Ideas proposed at
the beginning of the 20th century to describe
the temperature dependence of crystal growth rates have become accepted
as the “standard model.” Specifically, it was proposed
that rates are controlled by a thermodynamic driving force, liquid/solid
interfacial surface energy requires crystal growth to occur at step
or kink sites, and particle diffusion/viscous relaxation also controls
the rate of growth. However, as described in this article, these underlying
assumptions are inconsistent with the fact that crystal growth from
supercooled melts is microscopically irreversible, and the well-known
fact that short- and intermediate-range order in melts and crystals
is essentially equivalent, precluding the existence of sharp interfaces
and the need for material diffusion.

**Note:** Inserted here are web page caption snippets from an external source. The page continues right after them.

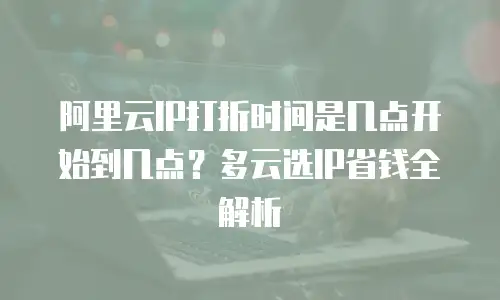 阿里云IP打折时间是几点开始到几点？多云选IP省钱全解析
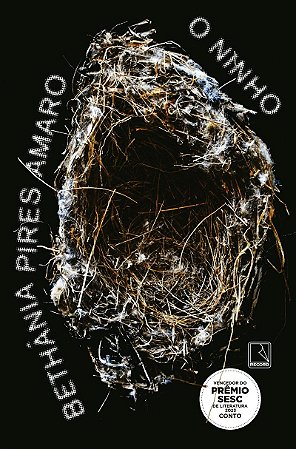 O ninho - Vencedor do Prêmio Jabuti 2024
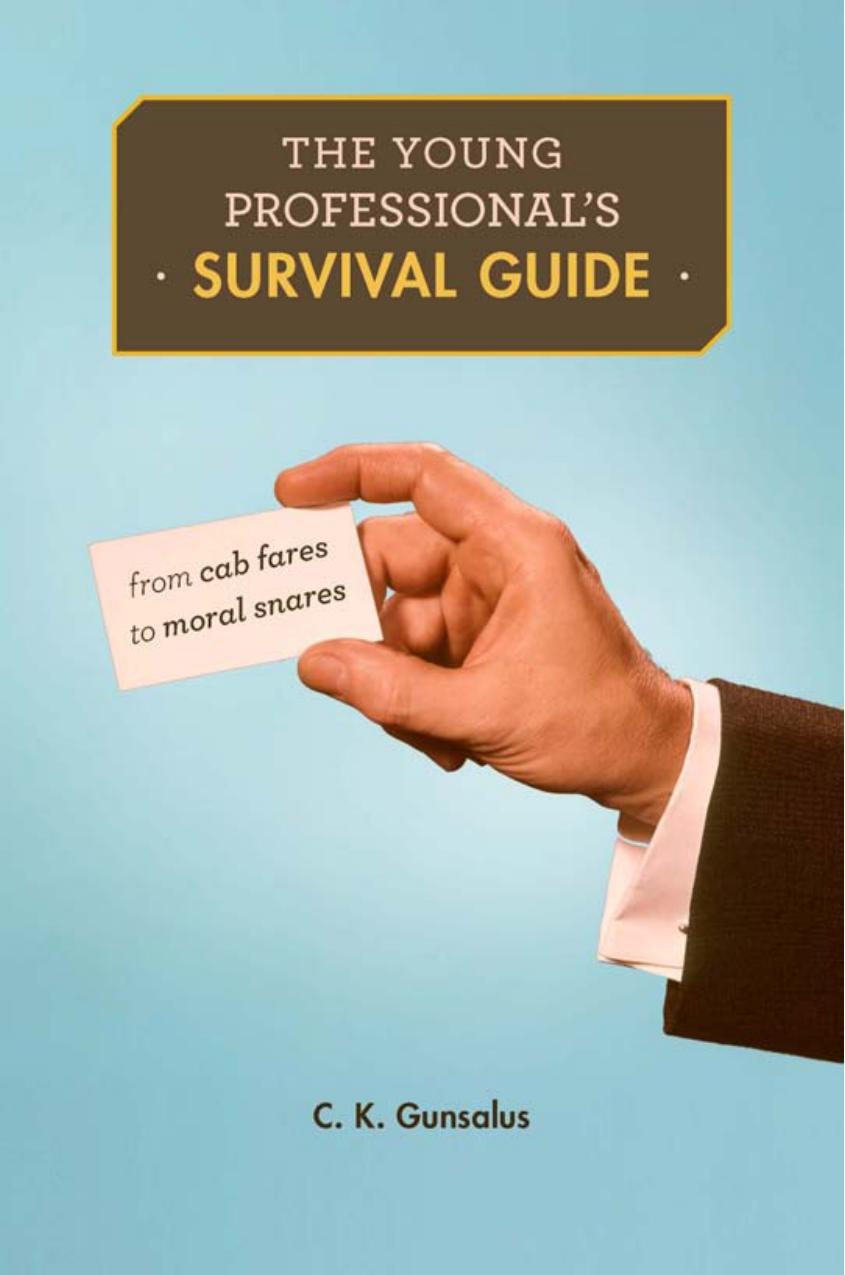 The Young Professional's Survival Guide by C. K. Gunsalus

By contrast, we recently introduced
the Transition Zone Theory of crystallization, TZTc, a
condensed matter analogue of Eyring’s transition state theory
that uses Kauzmann’s conception of configurational entropy
and Adam and Gibbs’ ideas of cooperativity to describe the
ensemble characteristics governing crystal growth rates. Here, the
TZTc model is applied to the same sets of inorganic oxides
and organic molecules that were used to evaluate the apparent decoupling
of viscosity from the standard model, as well as to several other
materials. Without exception, the TZTc model provides a
superior fit to temperature-dependent crystal growth-rate data. With
a single model accurately describing diverse crystallizing systems,
the three parameters extracted from TZTc, for the first
time, provide a platform with which to compare and contrast chemical/physical
factors that influence crystallization reactions.